Life’s too much bonded with technologies; one cannot survive a day without internet-the advantage of gaining knowledge without going nowhere but a huge disadvantage of making oneself a dull, isolated person. 


Similarly no single day or night was I without internet, ‘like’ people’s post on Facebook, have nothing important to do, still share something unnecessary (as if it’s a compulsion) stupidly act gleeful to see many likes rather than comments, check who’s online, a flash of some morons message sets off our finger to offline ourself or log it off. Check lyrics after that, go through recent happenings, get drenched in thoughts after reading the scams and scandals. How corrupted people can be! (After all power corrupts and absolute power corrupts absolutely) read old mails and smile as if every message contained a brief joke. Feel lethargic, and give a glance to Skype, if no regards- upload a new attention and onset it feeling curious about the likes and comments of the last share in facebook makes us switch back to it again, have a long look of the latest feed, sneak through someone’s wall, poke a crush etc., are the activities which we get involved everyday making our self move a step behind, knowing more about people but understanding them less personally.

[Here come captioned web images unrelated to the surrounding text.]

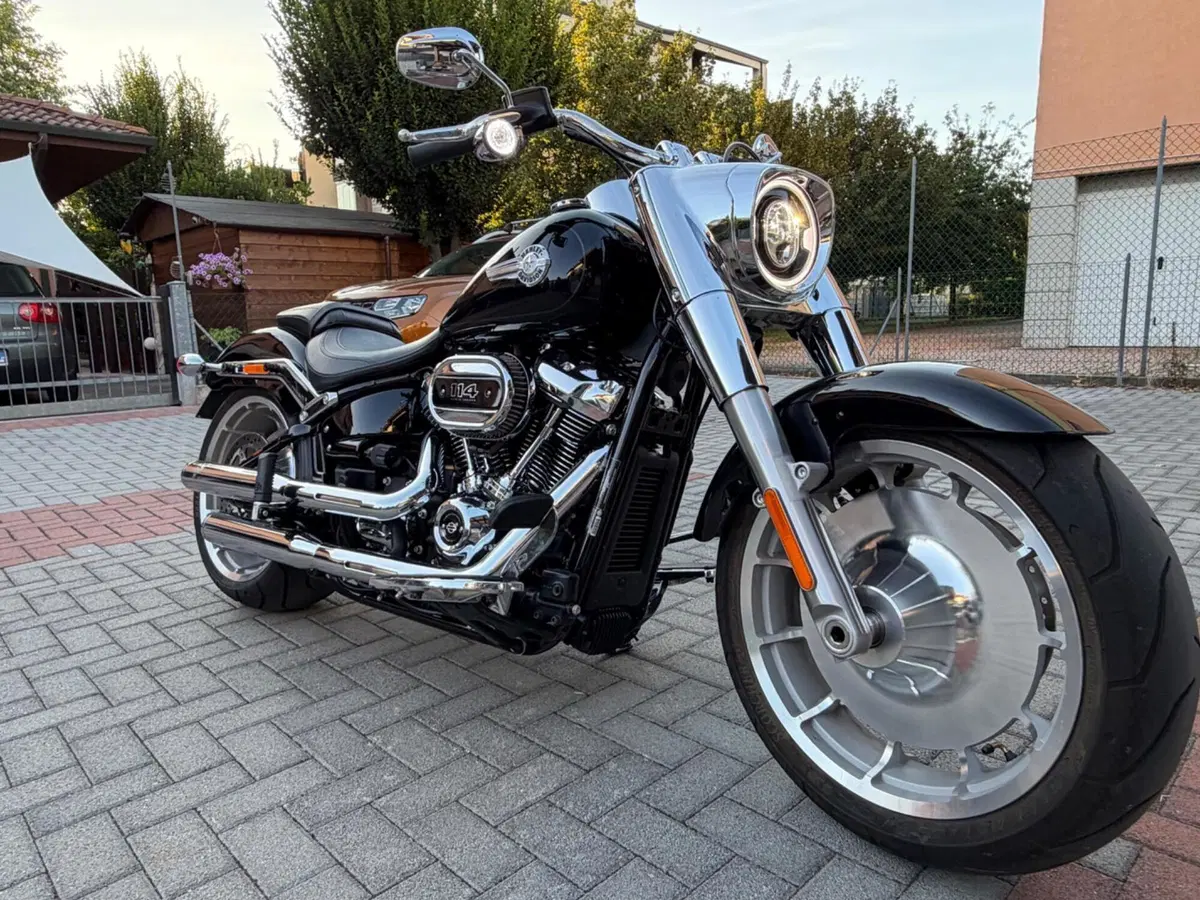 Harley-Davidson Fat Boy 114 (2021 - 24) (7)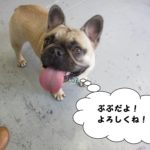 笑顔フレンチブルドッグ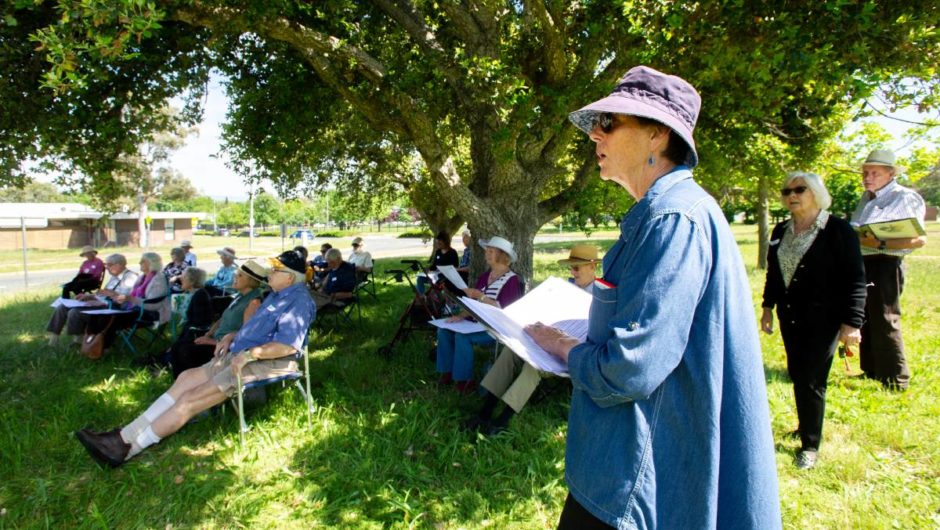 Canberra’s Alchemy Chorus choir for people with dementia and carers back on song after COVID | The Canberra Times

It was some years ago…. my internet connection was lost and I had no genuine thing to do, I couldn’t go through the marketplace from my phone, neither fb, I was home alone or stranded. But surprisingly it felt blissful to grab some fresh gentle breeze, butter-flying my face and tangling my hair fro, in the mean time I had a respectful talk to people walking aloof, watched the stars turn brighter, and heard mosquitoes hovering around, it was for the first time I dint get mad at mosquitoes 🙂

After the magnificent encounters I walked back to my cozy room and texted people whom I often whatsapp-ed. It’d been such a long forgotten time that I last received texts, besides Airtel, I don’t.

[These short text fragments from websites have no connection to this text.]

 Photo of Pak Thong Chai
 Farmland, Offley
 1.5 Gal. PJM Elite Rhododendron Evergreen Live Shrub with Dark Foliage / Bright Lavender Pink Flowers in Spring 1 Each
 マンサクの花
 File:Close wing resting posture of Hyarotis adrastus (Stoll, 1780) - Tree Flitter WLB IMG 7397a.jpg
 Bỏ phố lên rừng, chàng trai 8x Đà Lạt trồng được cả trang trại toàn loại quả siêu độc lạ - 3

I in fact missed my phone beep, notifying a message. I gave a call to my friends and spoke to them for a couple of minutes, listening to their voice eased me off a big time. Dusted my old album after the phonic conversation, flipping the pages without slides is somewhat interesting, of course multitasking is uneasy when we’ve to manipulate things, still it was worth to retrospect the days gone by. People hardly have photo albums these days; it is perhaps replaced with folders in the P.C, flash drives, memory cards, etc. Re-flipping the pages of the photographic content made me realize that I’d an assignment pending, killing my laziness my hand reached to an old tattered, cello taped book given by my senior.

Unexpected happens! Up to my surprise the index was missing, I had to turn the never ending pages to search ‘the pros and cons of small newspapers.’ After I jotted down the entire chapter I understood what hard work exactly means. The introduction of technologies made life a copy-paste business. The checklist was cleared; I still had time for the connection to accept as promised by the customer care executive, that’s when I started writing….

The connection blinked as a sign of internet availability after I wrote a paragraph, I couldn’t restrain.

I was online- in multiple accounts 🙂
Here, I post my past-time activity as a note too.